Those memories, among others, will live on for McKenna and the rest of the Grafton basketball program as it attempts to persevere through a season marred by tragedy.

Davis-Joiner, a 17-year-old senior with no prior health problems, died Monday night after collapsing a few minutes into practice. Despite attempts to resuscitate him from a nurse who was in the building, Davis-Joiner did not regain consciousness.

"This happened in front of both the boys and girls teams," McKenna said. "The thing that's really sad, not only for Josh's family, is these high school players had to watch their friend pass away in front of them. It's been tough."

McKenna, 44 and in his fifth season as Grafton coach, said Davis-Joiner was one of the team's most high-energy players, and he brought a work ethic to each practice that was unparalleled. When Davis-Joiner struggled with grades last season and did not play, he still came to every practice and worked at his grades until he could become a contributor on the team.

"He was a kid that didn't get a lot of the limelight, so to speak, didn't get a lot of headlines, but just did the dirty work and was one of those kids," said McKenna, a middle school social studies teacher at Saint Catherine School in Milwaukee. "He was basically the kid that had to guard the other team's best guard or forward and did it with pride. He did it with a ton of energy and knew that in order to be successful, somebody had to do that, and he was more than willing to be that player."

Davis-Joiner, a 6-foot-2 guard, was averaging 3.3 points per game, and his role was to provide a spark off the bench. His final basket at Grafton came during last Thursday's game against Milwaukee Lutheran, when he stole an inbounds pass at midcourt just before the end of the third quarter and raced in for a slam dunk that electrified the crowd.

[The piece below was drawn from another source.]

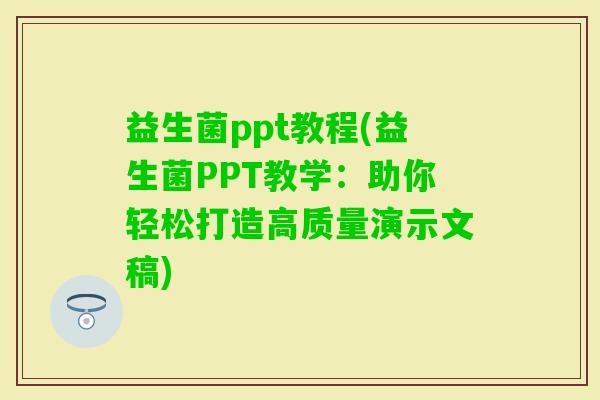 益生菌ppt教程(益生菌PPT教学：助你轻松打造高质量演示文稿)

"What's funny is you watch him try to throw down a dunk in practice, and it was not going to happen," McKenna said. "He'd sit there after practice and go, 'I'll get it.' Then finally after sheer exhaustion he'd say, "OK, I'll try again tomorrow night,' and he would. That's the kind of perseverance he had.

"I don't know if it was a preparation of things to come, being lifted up that extra step or just in the moment, but he threw down one heck of a dunk. If you're going to leave on a high note, Josh left on a high note."

In order to help students cope with the loss, extra counselors were brought in Tuesday to the school, which has an enrollment of 825. According to Grafton's school website, Davis-Joiner's funeral service will take place at 1:30 p.m. Saturday at Mason Temple Church of God in Christ in Milwaukee. Visitation is from 12:30 to 1:30 p.m.

McKenna said he spoke with Grafton principal Ken McCormick about whether the team should postpone practices and its first game without Davis-Joiner, which takes place Friday at Port Washington.

"He sat down with me and wanted to know what I thought we should do," McKenna said. "I said, 'I don't know.' He said, 'You need to practice.' I looked at him like you've got to be kidding me.  . . . Guidance counselors all talked about this. They said, 'You need to get back into practice. You need to keep things as normal as possible.' That actually helps on the path to recovery."

McKenna said the team had a scheduled day off on Tuesday but that it would practice on Wednesday and Thursday. Grafton will play its game as scheduled on Friday against Port Washington.

"We're going to go out and do the best we can," McKenna said. "It's not going to be easy. I'm sure there's going to be a lot of mental mistakes. But we're going to do the best we can under the circumstances."